1920 Nobel Peace Prize

Reason for Award

for his longstanding contribution to the cause of peace and justice and his prominent role in the establishment of the League of Nations, including serving as President of its first Assembly

Laureates

Léon Bourgeois
Léon Bourgeois

FranceFrance

Explanation

Léon Bourgeois devoted himself to creating a “League of Nations,” a club where countries could talk instead of fight. The League of Nations was a place where nations gathered to discuss problems and avoid wars. Bourgeois served as chairman of the League’s first big meeting and helped write rules so that everyone could get along. It is a bit like a class president who stops quarrels and gathers ideas during a class meeting at school. Thanks to his work, a system for countries to talk with each other was built for the first time in the world. His efforts were honored with the Nobel Peace Prize in 1920.

Related Keywords

League of Nations

Founded in 1919 after World War I, the League of Nations was the first universal inter-governmental organization devoted to world peace, headquartered in Geneva. Members were obliged to submit disputes to the Council or Assembly and to refrain from force until a decision was rendered. With a permanent Secretariat and numerous expert committees, the League promoted cooperation on minority protection, narcotics control, aviation, health, and more. Although hampered by U.S. absence, the unanimity rule, and great-power withdrawals, it pioneered institutions such as the Permanent Court of International Justice and the International Labour Organization. Dissolved in 1946, its assets and many functions were transferred to the United Nations.

Collective security

Collective security is the principle whereby a group of states treats an attack on any one member as an attack on all and responds jointly against the aggressor.

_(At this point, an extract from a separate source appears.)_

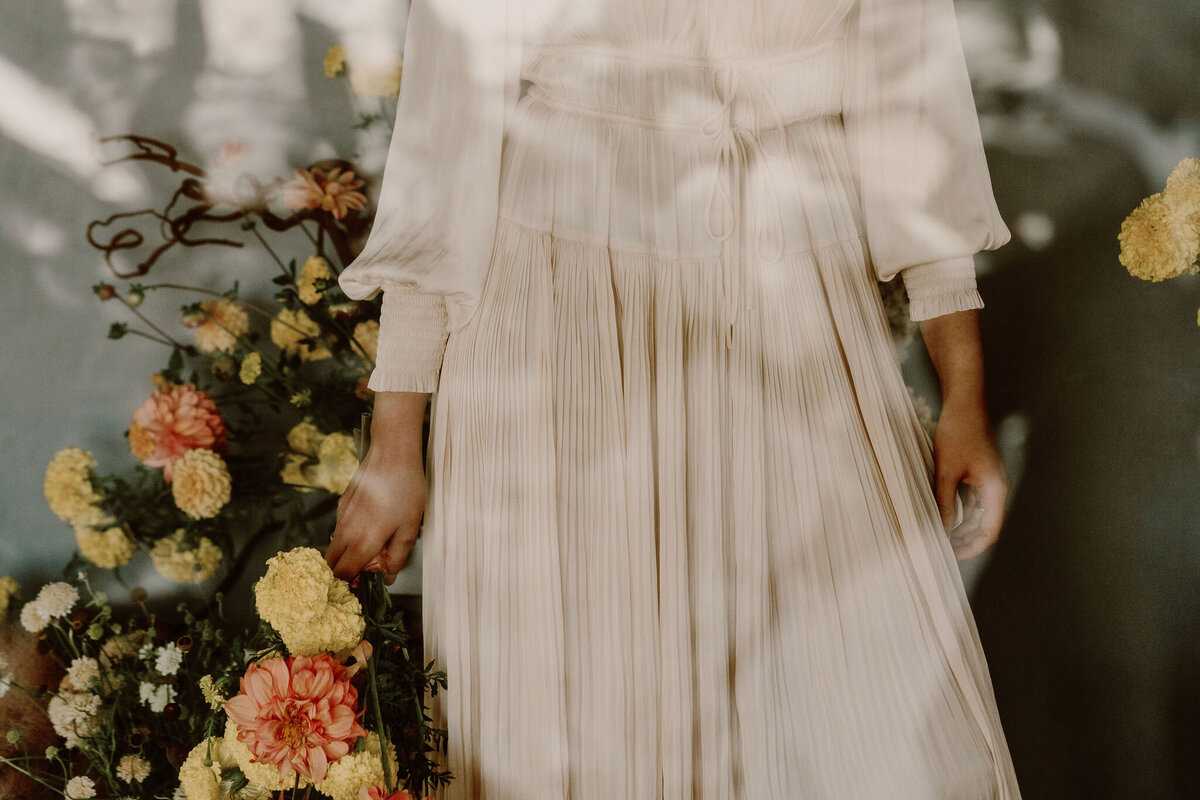 Wanaka Bride in cream dress holding an orange and yellow flower bouquet on her wedding day.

Article 16 of the League Covenant codified this idea, providing for economic sanctions and, if necessary, military assistance to isolate a violator. Theoretically more deterrent than balance-of-power politics, the scheme struggled in practice because key powers abstained or disagreed on enforcement. The United Nations collective security system under Chapter VII of the Charter inherits the concept, with Security Council resolutions during the Korean and Gulf Wars serving as applications. Bourgeois played a pioneering role in early institutional debates, stressing the automatic character of sanctions.

International arbitration

International arbitration places legal or factual disputes between states before a neutral third party whose award the parties pledge to accept. The Permanent Court of Arbitration (PCA) was created at the Hague Peace Conferences, where Bourgeois promoted a treaty on compulsory arbitration. The League Covenant encouraged parties to submit cases to arbitral or judicial bodies, seeking to institutionalize war avoidance. Although arbitral awards are legally binding, they rely on voluntary compliance, making linkage with collective sanctions desirable. Arbitration remains central to international law today, from PCA interstate cases to investment disputes.

World War I

Fought from 1914 to 1918, World War I was the first total war, driven by rival alliances and imperial competition among great powers. It claimed more than ten million lives and caused unprecedented material devastation, forcing a reordering of international relations. The Treaty of Versailles signed at the 1919 Paris Peace Conference incorporated the Covenant of the League of Nations. The war’s horrors implanted a determination to prevent future conflicts and provided political momentum for creating a peace organization. Bourgeois’s ideas and Nobel recognition are inseparable from this historical context.

Solidarism

Solidarism emerged in late-19th-century France as a social philosophy positing reciprocal obligations among individuals and groups. Léon Bourgeois extended domestic solidarism to international relations, arguing that states share moral duties and common interests. He embedded this view in the League of Nations, seeking institutional designs that integrated dispute settlement, economic cooperation, and social justice. Solidarist thought influenced Keynesian adjustment schemes and the internationalization of social rights, foreshadowing the social policy dimensions of the UN and the EU. It offers a theoretical counterpoint to realist notions of absolute sovereignty and continues to inform debates on global public goods.